讲座题目：Application of Tribology in Milk and Milk products
主 讲 人：Sangeeta Prakash 讲师 昆士兰大学（澳大利亚）
Dr Sangeeta Prakash is an academic at the University of Queensland for the last 7 years with research interest in the areas of the areas of food processing, oral processing of food and 3D-printing of food. Dr Prakash is a leading researcher in the area of tribological analysis of food in Australia. Tribology is an emerging field in oral processing and her major research focus is understanding food oral processing and instrumental characterisation of food products using tribometer and rheometer. She leads the “Food Quality theme” in the Australian Research Council Dairy Innovation hub that focusses on oral perception of dairy foods using instrumental methods. She also serves as a consultant to a number of food industries in Australia. She teaches Food Sensory and Structures, Functional Food and Food Engineering courses to Undergrad and Postgrad students at the University of Queensland. Dr Prakash has authored more than 30 papers including a book chapter.
Intricate oral processing of food involves a series of processes—ingestion, mastication and finally swallowing.

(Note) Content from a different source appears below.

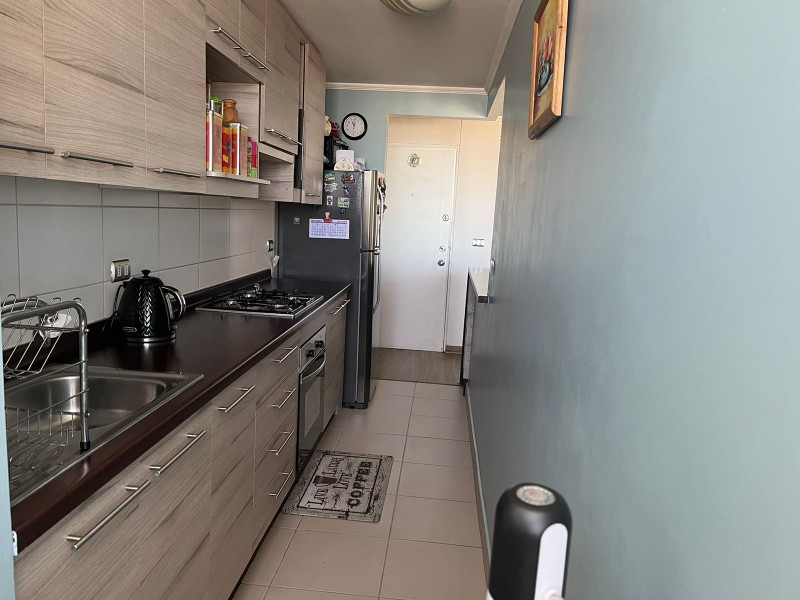 Departamento en Agua Santa, Viña del Mar 3 Dormitorios Piso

Oral texture and mouthfeel is one of the most important quality attributes that contribute to consumers’ acceptance and preference of a food product. Cognitive representation of food texture and mouthfeel by oral processing are believed to be governed by the flow and lubrication properties of food during the complex process of squeezing and rubbing between the teeth, tongue and palate and its interaction with saliva. The mechanical and rheological properties have been widely applied to understand and describe in-mouth flow properties of a food and associated sensory perception. Texture perception of a solid food is related to the food breaking process by biting and chewing that can be measured using a texture analyser. For fluid-type food materials, texture perception is dominated by their flow and lubricating properties during mastication in the mouth that is measured using a rheometer. However, as the oral processing continues and food particle size reduces, rheology alone is no longer effective as the lubrication behaviour between oral surfaces becomes a dominating mechanism in relation to food texture and mouthfeel. A tribology device can not only perform screening of newly developed food products but also identify ingredients that provide desirable mouthfeel sensation. This presentation will highlight different aspects of tribology including applications to various food products and future opportunities to realistically assess the physical and sensory properties of food.